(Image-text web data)

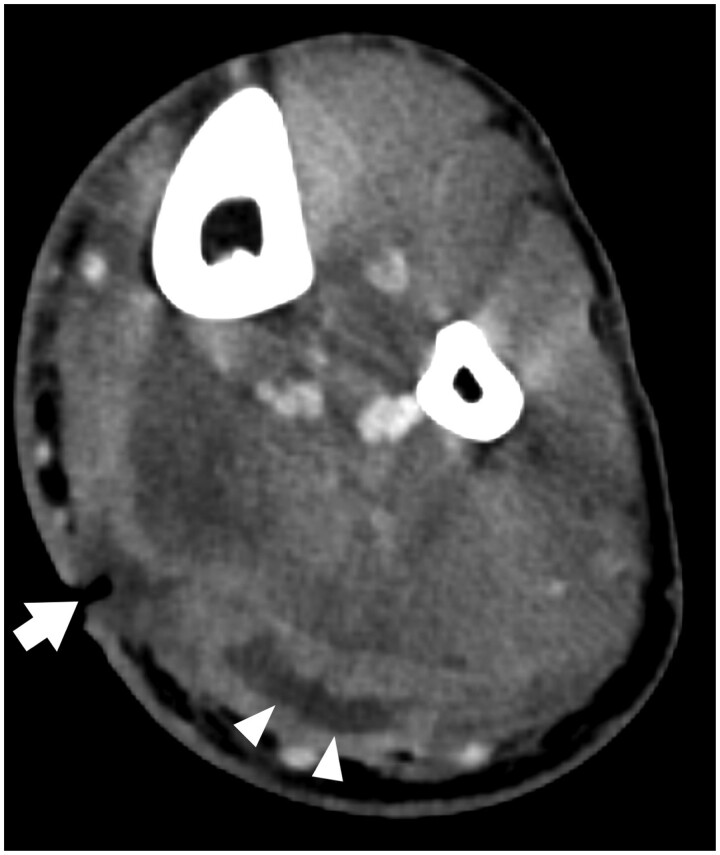 Emergency department referrals for CT imaging of extremity soft tissue infection: before and during the COVID-19 pandemic.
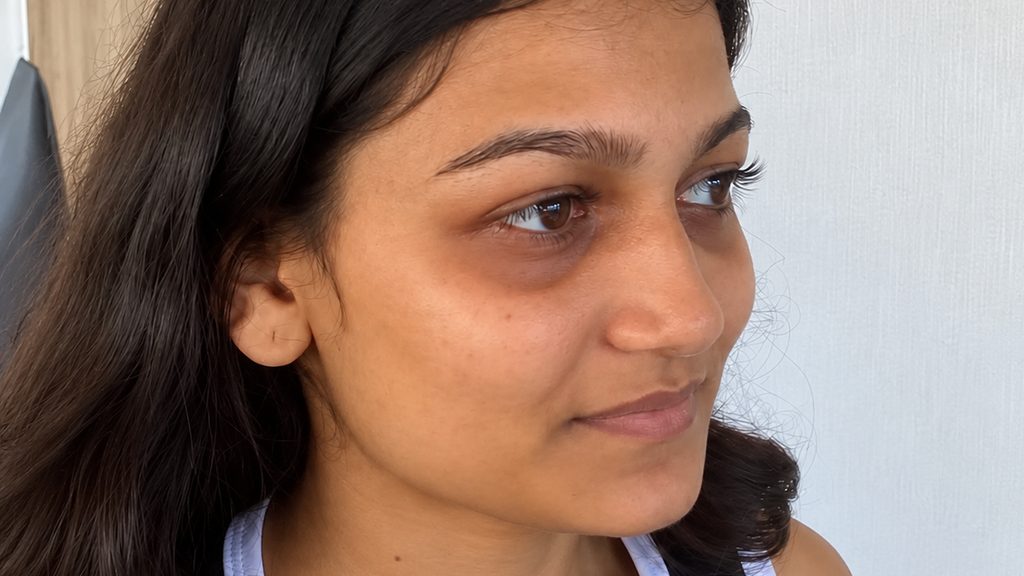 Three-quarter view of a patient's face and jawline before HIFU treatment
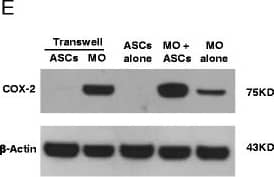 Detection of Human COX-2 by Western Blot
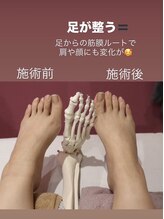 リル(Rire)/全身美容矯正メニュー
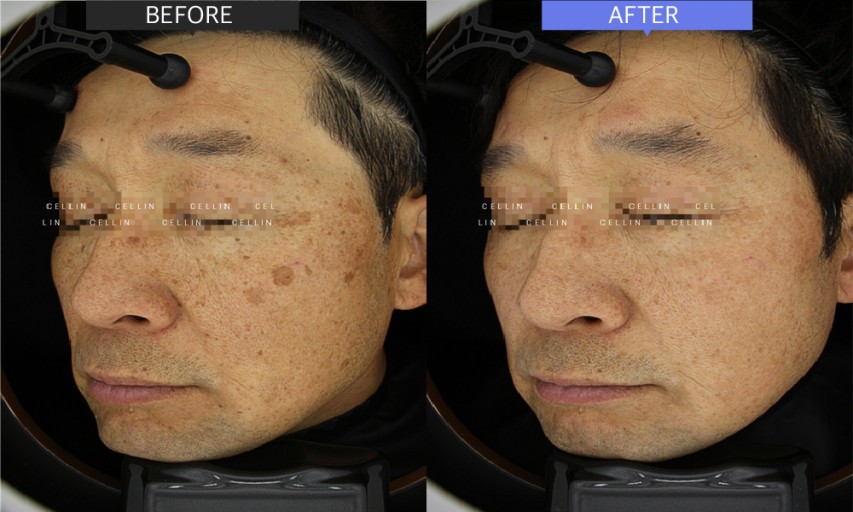 피코레이저 시술전후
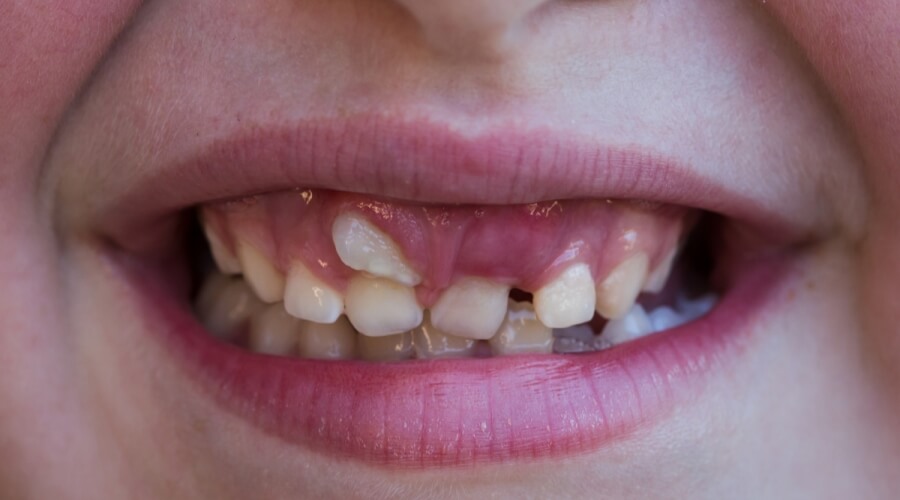 أي واحد القمر وسيط  ظهور الاسنان الدائمة قبل سقوط اللبنية - ويب طب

• _Exercise details_: Repeat the records exactly but leave out the images.

• _Answer to this exercise_:
 Emergency department referrals for CT imaging of extremity soft tissue infection: before and during the COVID-19 pandemic.
 Three-quarter view of a patient's face and jawline before HIFU treatment
 Detection of Human COX-2 by Western Blot
 リル(Rire)/全身美容矯正メニュー
 피코레이저 시술전후
 أي واحد القمر وسيط  ظهور الاسنان الدائمة قبل سقوط اللبنية - ويب طب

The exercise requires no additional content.